5J’ai proposé la notion d’espace du militantisme LGBT pour identifier un périmètre symbolique d’action à l’intérieur duquel les discours, les objets et les stratégies militants sont agis par une somme d’associations et de groupes selon des logiques de négociation, de concurrence et donc aussi de hiérarchisation. L’espace du militantisme LGBT définit ainsi une configuration spécifique et inédite dont on peut clairement situer l’émergence en France au début des années 2000 avec la naissance de l’association Inter-LGBT. C’est le résultat d’un travail militant de reformulation, de resignification et de reconfiguration de formes anciennes d’action collective, et donc de réactualisation de l’espace qui se définissait, en d’autres temps et en d’autres contextes, comme homophile (dans les années 1950 et 1960), homosexuel (dans les années 1970), gai et lesbien (dans les années 1980 et 1990), et qui confine aujourd’hui à, ou déborde sur, d’autres espaces militants, queer ou transpédésgouines, selon les orientations théorico-politiques particulières.
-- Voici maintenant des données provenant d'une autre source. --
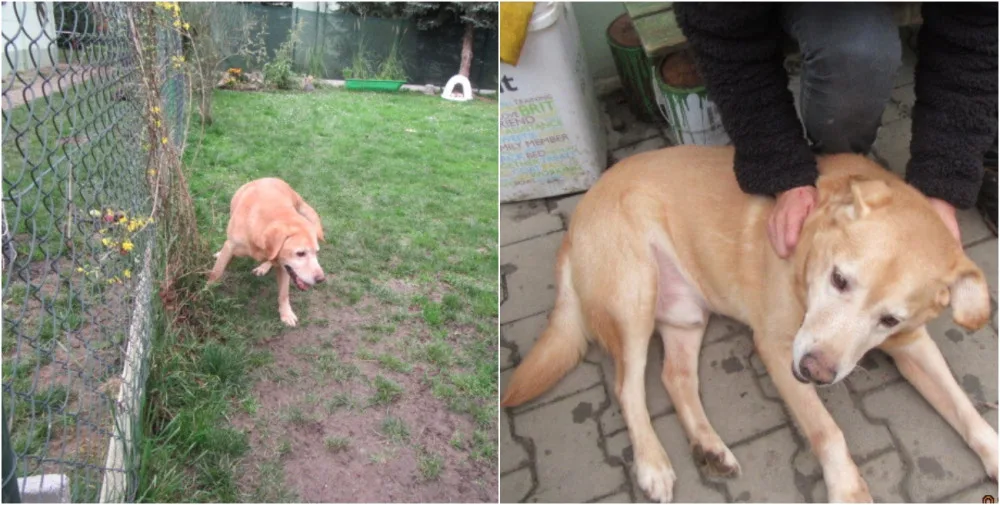 Patnáctiletý labrador živořil v malém kotci bez jídla a vody, své dny dožije v útulku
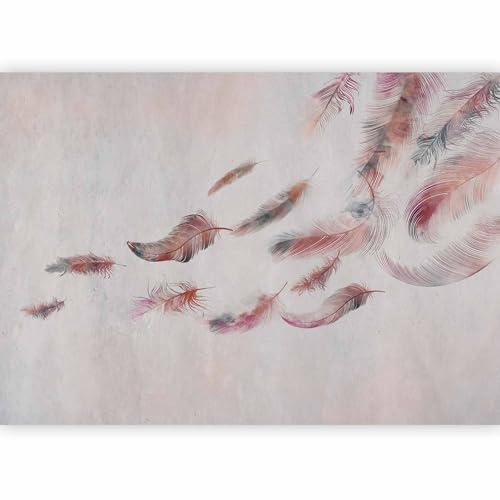 murando - Carta da Parati Moderna per Camera da Letto, Piuma, 400x280 cm | Fotomurali in TNT, Decorazione da Muro XXL, Carte da Parati Moderne, Boho, Produzione Europea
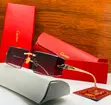 Cartier Frameless Sunglasses - 1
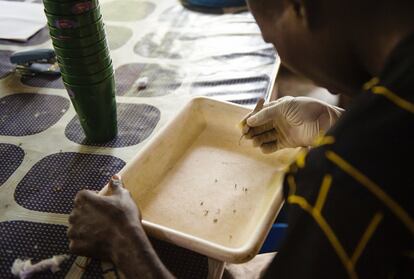 Un colaborador del Instituto de Salud de Ifakara (Tanzania) identifica la especie y el sexo de los mosquitos que han atrapado en la ciudad.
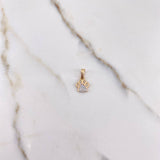 Dije Huella 0.8gr / 1.5cm / Circones Blancos Oro Amarillo $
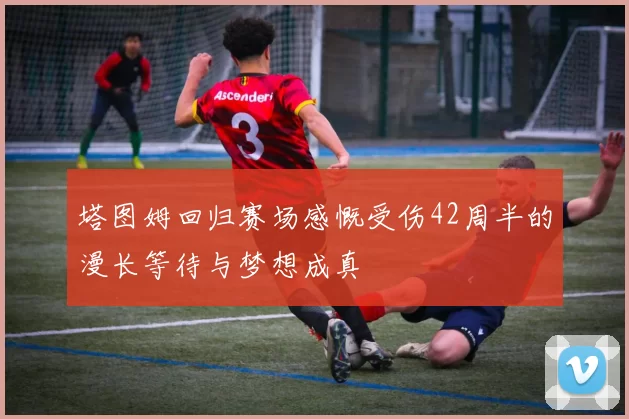 塔图姆回归赛场感慨受伤42周半的漫长等待与梦想成真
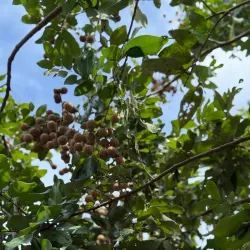 Vinh Long Fruit Orchards - Vinh Long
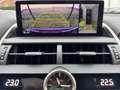 Lexus NX 300h Privilege Line Negro - thumbnail 19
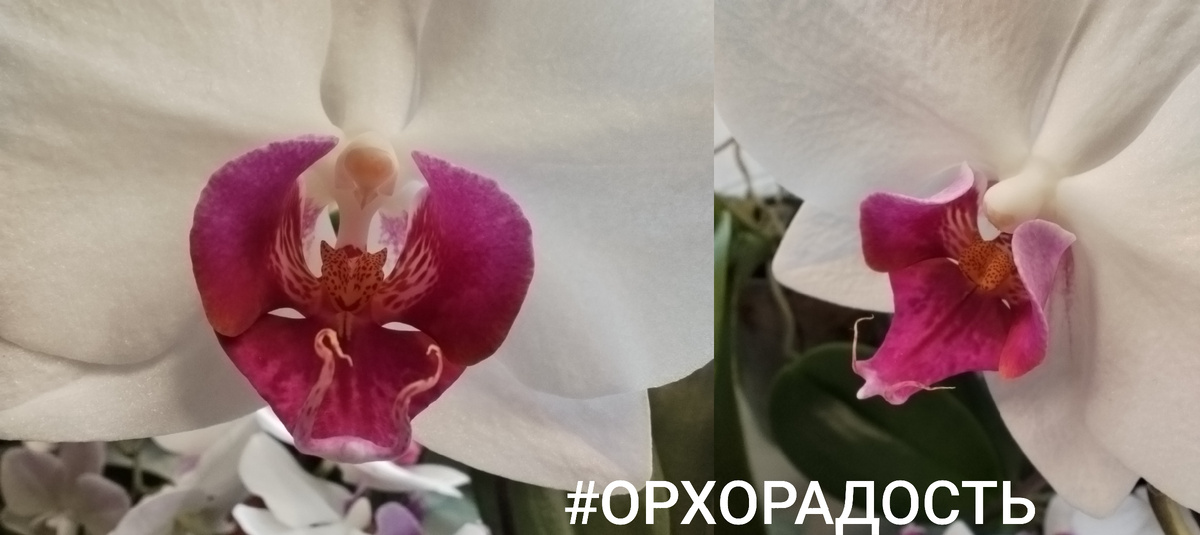 "Губа" моего рэдлипа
6En sociologie des mouvements sociaux, la notion d’espace a été introduite pour penser les réseaux d’interdépendance serrés à l’intérieur desquels l’action collective émerge, se structure et se politise autour d’une cause et en interaction avec d’autres causes, d’autres groupes et d’autres mouvements. Pour Lilian Mathieu, l’« espace des mouvements sociaux » définit globalement « un univers, doté de logiques, de modes de fonctionnement, d’enjeux et de références propres », au sein duquel « les différentes causes, et les organisations et les agents qui les portent, sont unis par des relations d’intensité et de nature variables » (2012, p. 9). Pour Laure Bereni, la notion d’« espace de la cause des femmes » invite à « penser l’architecture des luttes pour la cause des fem-mes » et à « restituer la grande pluralité de ces mobilisations, leur dispersion et leur encastrement dans des visions du monde variées et des univers multiples » (2012, p. 27). Plus large que la catégorie de « mouvement des femmes », cette notion « s’appuie en effet sur une définition de la contestation féministe qui rompt avec l’opposition traditionnellement tracée (par les actrices de ces mobilisations comme par leurs analystes) entre “mouvements” et “institutions”. Il inclut des sites de défense de la cause des femmes inscrits dans une pluralité de champs sociaux, dont des institutions (administration, partis, institutions religieuses, universités...) » (p. 28).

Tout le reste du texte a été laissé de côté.